Market Milestones: Split Decision

This week the SPY, QQQ, RSP, DIA and gold all made new all-time highs. Bitcoin pulled back 18% after making its new all-time high, striking fear and awe in new ETF buyers. JPMorgan says bitcoin is still overbought despite the recent correction and asks everyone to “please keep selling” so they can buy at $42,000.00. That works for me, although $42,000 seems a little overdone JPMorgan. Can we call it $55,555.55 or $50,500.50 for a “normal” bitcoin bull market pullback? The largest pullback bitcoin has had since the October 2022 low was 22%, meaning for the last 500 days, bitcoin really has been number go up technology. Speaking of JPMorgan and number go up technology, have you seen the JPM chart recently?
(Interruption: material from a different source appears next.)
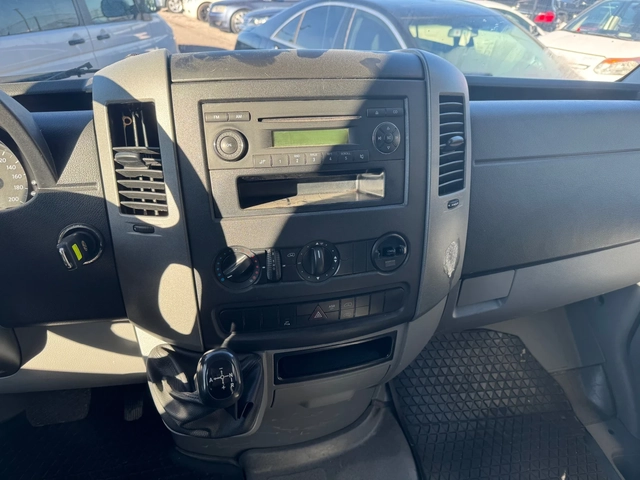 VW Crafter 4+ 1 - автомобили, коли, обяви за нови и употребявани 8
It would be easy to mistake it for a new meme coin, Just Print Money, as it has rocketed 50% higher over the last 5 months. While JPM is soaring high above all-time highs, KRE, the regional banking ETF, is struggling 40% below its all-time high.

 

Semiconductors, represented by SMH, did not make a new all-time high this week despite MU’s monster earnings report and 18% gap. The semiconductor stocks have been leading this market with NVDA, TSM, AVGO, AMD, LRCX, AMAT, QCOM and MU at the front of this bullish charge higher. While slightly lagging now, all of those names look like they could have another push higher before a larger retest comes in  If that is the case, it could make NVDA the 2nd biggest company in the world, especially since AAPL looks like it will remain on the struggle bus for at least a few more blocks. 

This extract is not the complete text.